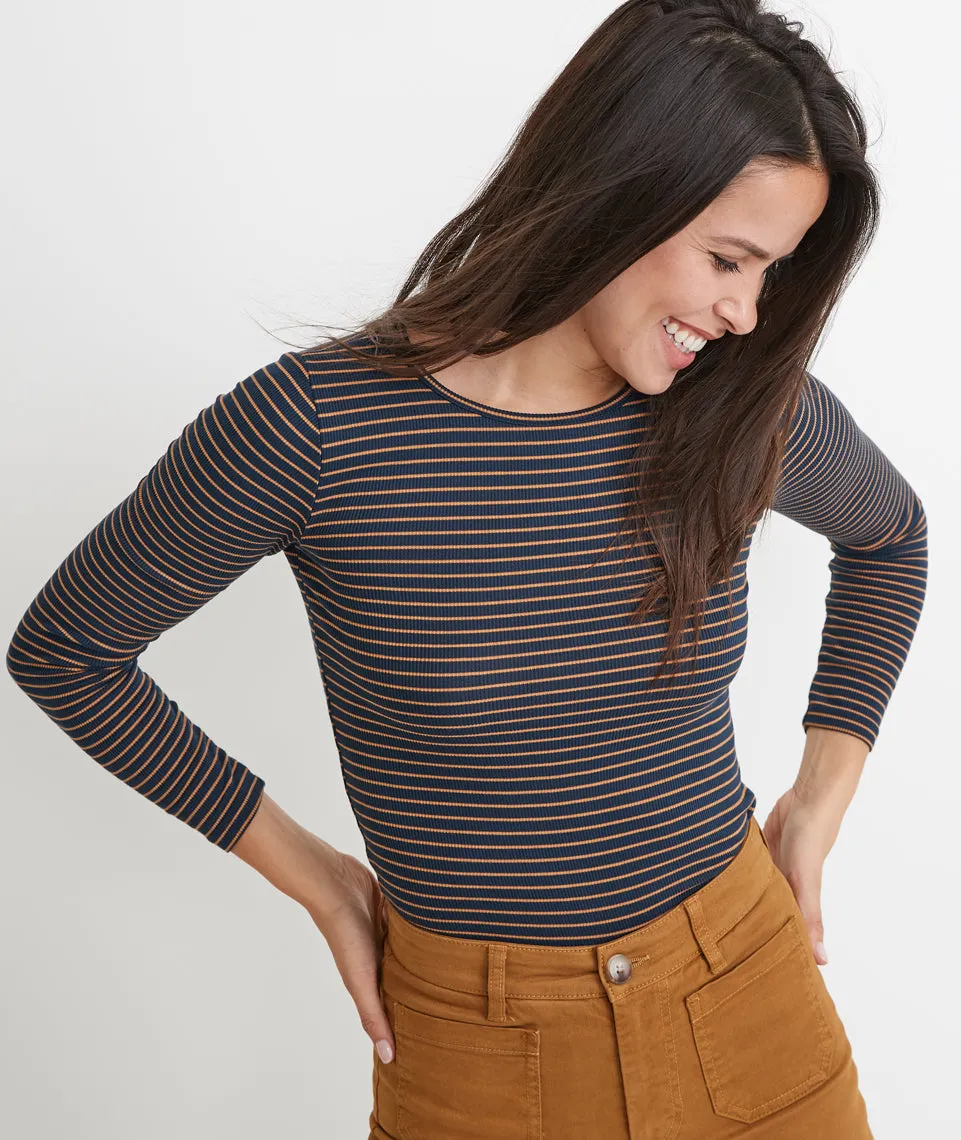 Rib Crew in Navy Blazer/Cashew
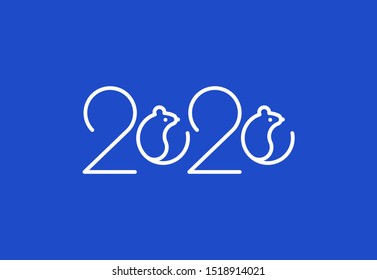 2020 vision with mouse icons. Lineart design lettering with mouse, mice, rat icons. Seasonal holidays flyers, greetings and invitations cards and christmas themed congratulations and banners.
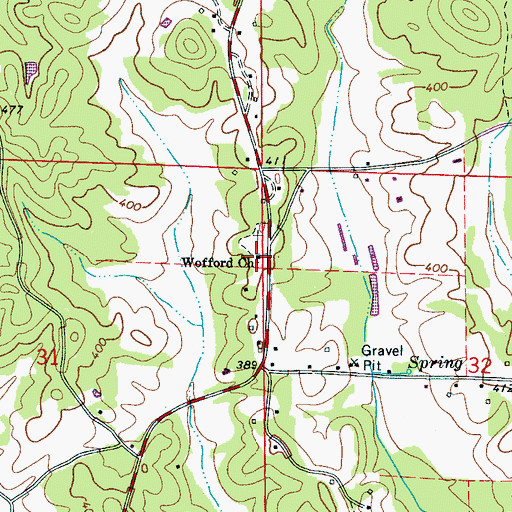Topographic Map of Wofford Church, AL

-.-.-

## Task statement
Leaving the pictures out, output the material exactly as it appears.

## Written response
 Rib Crew in Navy Blazer/Cashew
 2020 vision with mouse icons. Lineart design lettering with mouse, mice, rat icons. Seasonal holidays flyers, greetings and invitations cards and christmas themed congratulations and banners.
Topographic Map of Wofford Church, AL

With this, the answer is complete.